It was around this time that James Sayers Orr, a staunch critic of Roman Catholicism, began to hold religious meetings in Georgetown during which he, at first, upbraided Africans for being lazy. But when he learned that African retailers of goods were losing out to the Portuguese, he began to blame the latter as the cause for the hardship experienced by the Africans.

Orr himself was "Coloured". His mother was a "Coloured" woman and his father was a Scotsman who was a co-owner of Plantation La Penitance. Though not much was known about him, it was generally believed that he was wealthy and might have been financially supported by his father.

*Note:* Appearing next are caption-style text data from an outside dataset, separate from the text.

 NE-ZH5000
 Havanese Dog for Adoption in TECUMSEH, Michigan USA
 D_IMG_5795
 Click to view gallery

Orr spent some time in Britain and the United States and returned to Guyana in December 1855. While in Britain he began holding open-air meetings and summoned his audience by blowing a horn. Such antics earned him the nickname "Angel Gabriel", a name which he began to proudly use. From Britain he travelled to New York where he continued his anti-Catholic preaching activities. One report in an American journal described him as a "fanatical demagogue" because he made wild and inflammatory accusations against certain individuals and groups. He was also blamed for a riot which occurred in New York after he had delivered one of his sermons.

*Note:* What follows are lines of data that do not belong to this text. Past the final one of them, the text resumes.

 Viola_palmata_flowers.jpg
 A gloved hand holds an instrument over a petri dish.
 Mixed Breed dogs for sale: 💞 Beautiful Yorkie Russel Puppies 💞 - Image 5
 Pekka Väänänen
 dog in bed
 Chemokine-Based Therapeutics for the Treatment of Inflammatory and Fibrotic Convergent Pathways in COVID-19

In Georgetown, his attacks on the Portuguese also included verbal outbursts against the Roman Catholic Church since most Portuguese were members of that body. These attacks raised anger among the Portuguese and in February 1856, one of them, John Taggart, applied to the Georgetown magistrate asking Orr to halt his accusations. But the magistrate told Taggart he had to file a private charge against Orr. Instead of doing, so he organised a group of his friends to physically assault Orr who, however, received information about the plan and kept away from the area where the mob was waiting for him. On the day after, Orr addressed a large crowd near to an open-air market, and this alarmed the Governor so much that he placed a ban on all public meetings in Georgetown. Orr attempted on a number of occasions to defy this ban and he was eventually arrested and charged for instigating a disturbance of the peace. He appeared before a magistrate who referred the case to the Supreme Court. He was held in prison while awaiting the trial.

When news circulated that Orr was detained for trial, Africans who were part of his street-corner audiences began to violently attack Portuguese in Georgetown. These included looting of Portuguese shops, and people were even assaulted inside their homes. Violent attacks on Portuguese spread to Mahaicony and to Dalgin up the Demerara River and there were clashes in parts of Essequibo and Berbice. Eventually the police managed to control the situation but not before much damage was done to property owned by the Portuguese. Many persons also sustained severe injuries. Later in the year, the Government paid a compensation of $250,000 to the Portuguese who suffered damage to their properties.

After the riots were put down, Orr was tried and found guilty as charged. He was sentenced to a term of imprisonment with hard labour at the penal settlement in Mazaruni where he died in November 1856 after suffering from dysentery.